With the theme “An Optimistic Contingency Plan,” Arcam’s 2025 program explores how we can prepare for risks in the North Sea Canal area—such as chemical incidents, flooding, and soil pollution—while building a safe, energy-neutral, and climate-resilient city.
This year’s program is developed in collaboration with makers, masters, and doers. Leading the way are our new Architects in Residence: Rachel Borovska (BOOM Landscape), TALLER Architects, and NEW ENVIRONMENTS.
In the coming weeks, an interview series will introduce you to these visionary makers and their optimistic approach to the future.
1. Who is NEW ENVIRONMENTS?
NEW ENVIRONMENTS is an urban design agency from Amsterdam. We use design to improve wellbeing by shaping a dynamic relationship between humans and the environment.
Climate change, population growth, and globalisation are compromising the finite resources that the planet provides. New environments need to cater for a growing number of services and navigate the needs of human, floral, and faunal stakeholders. The agency embraces this complexity and promotes a new systemic integrality in the planning profession.
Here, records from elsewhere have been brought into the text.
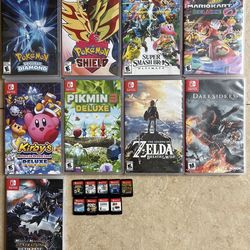 Nintendo switch games
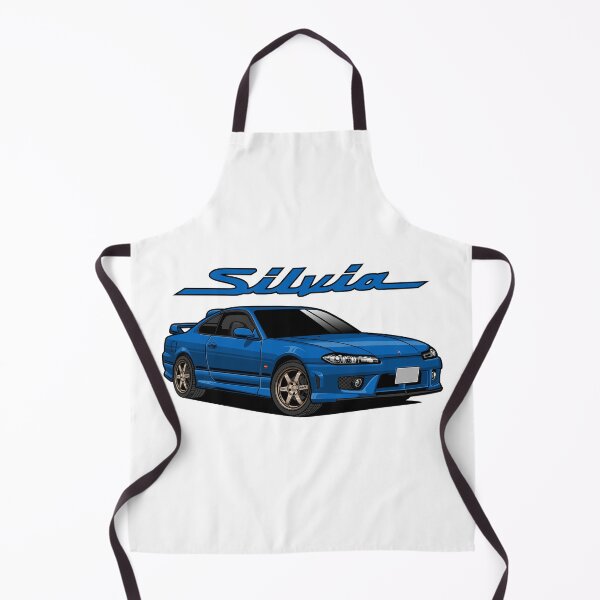 Item preview, Blue S15 Nissan Silvia designed and sold by vektoranda.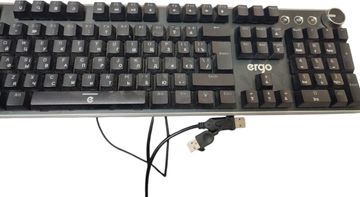 Б/в Клавіатура Ergo kb-955 01-200765711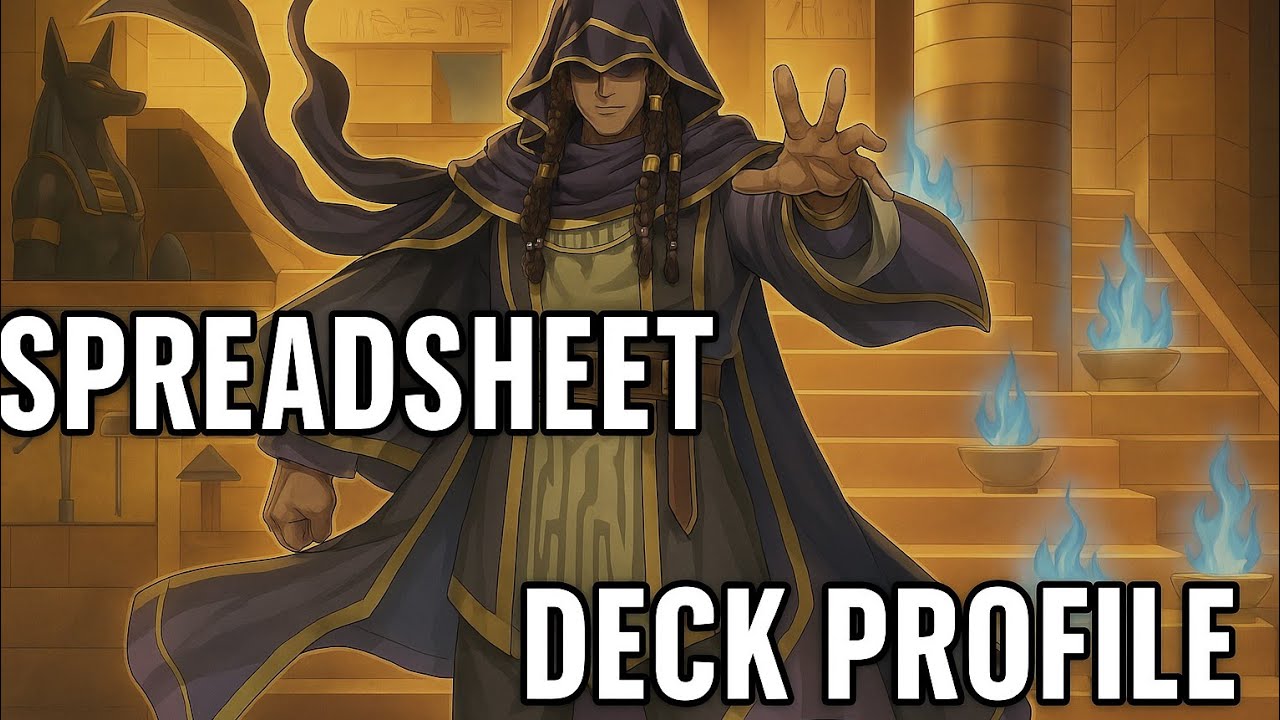 Odion Fiendsmith Deck Profile! X-2 Regional Update! SPREADSHEET!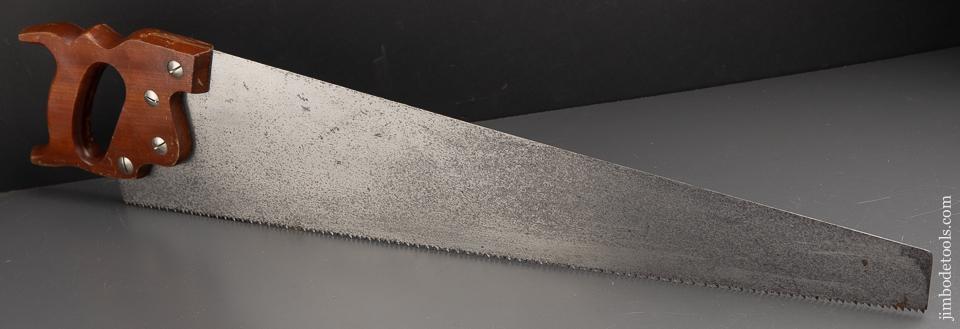 7 point 26 inch Crosscut ATKINS No. 54 Hand Saw - 91369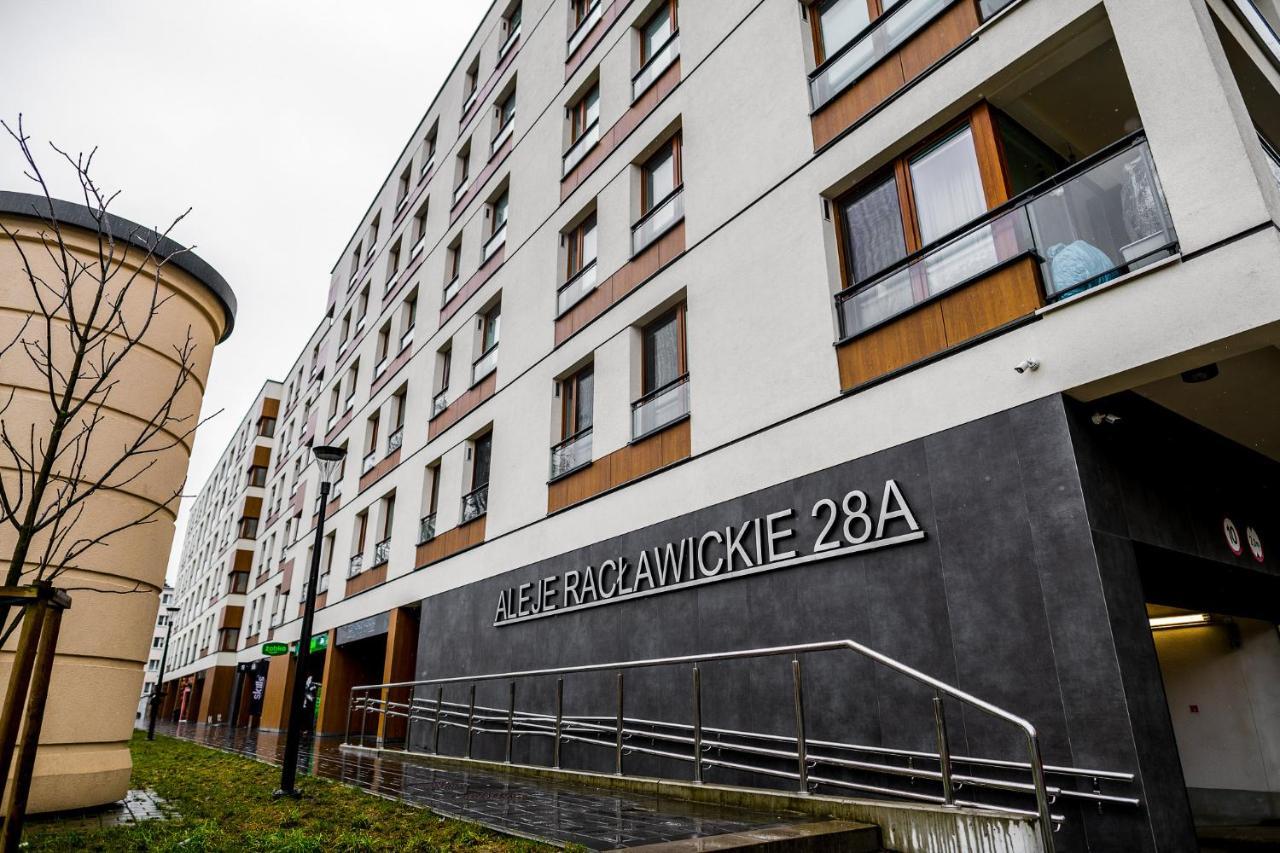 Apartamenty Arte Lublin Raclawickie 28A- Faktura Vat Garaz Luaran gambar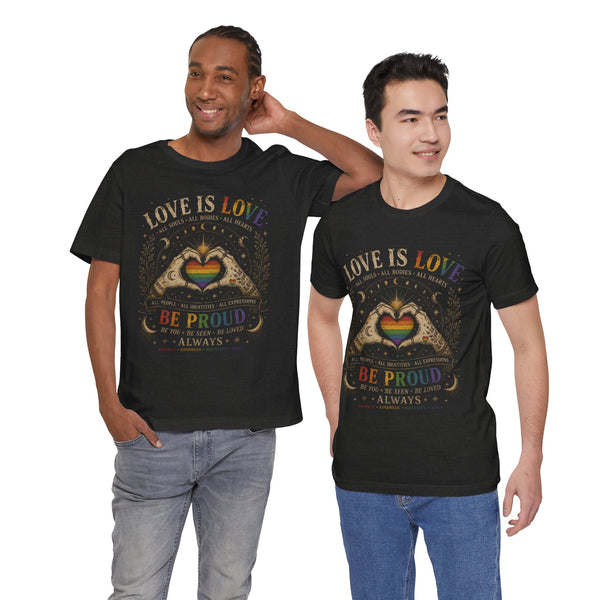 Love Is Love Pride Tee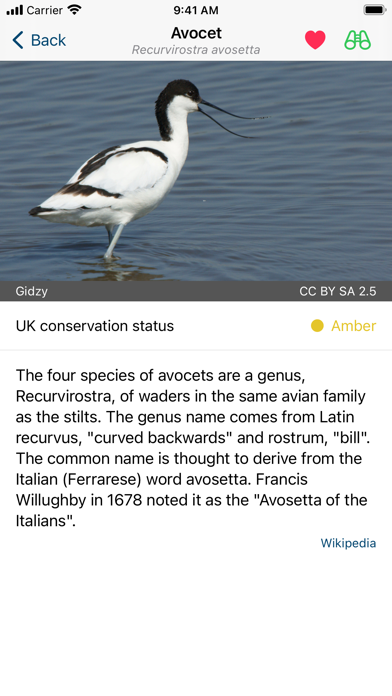 Screenshot #2 pour UK Birdwatching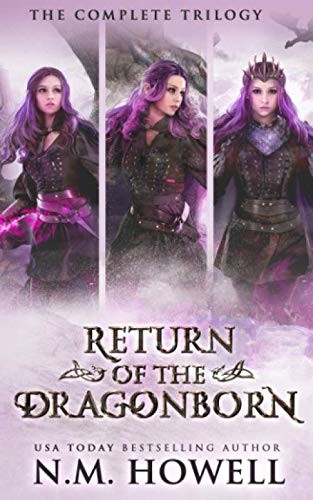 Cover of Return of the Dragonborn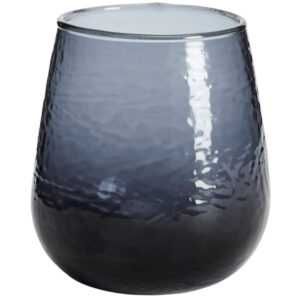 Kave Home Modrá sklenice Sileia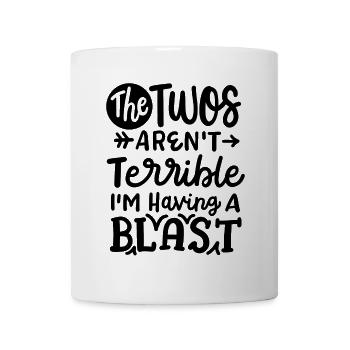 Kleinkind Kinder Spruch - Tasse - Weiß - Vorne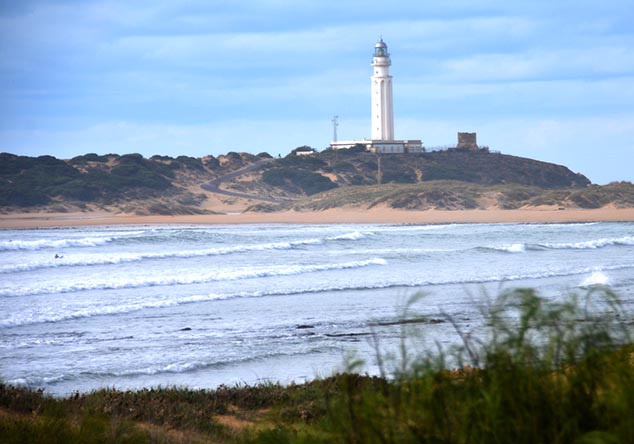 lighthouse conil spain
We design symbiotic environments, curate transformative processes, and develop realisable futures.
In general: pessimism is a waste of time.
2. Why participate as an Architect in Residence in 2025?
We are passionate about exploring speculative futures as a research-driven design exercise, delving into both utopian and dystopian scenarios to communicate underlying values and critiques within the built environment.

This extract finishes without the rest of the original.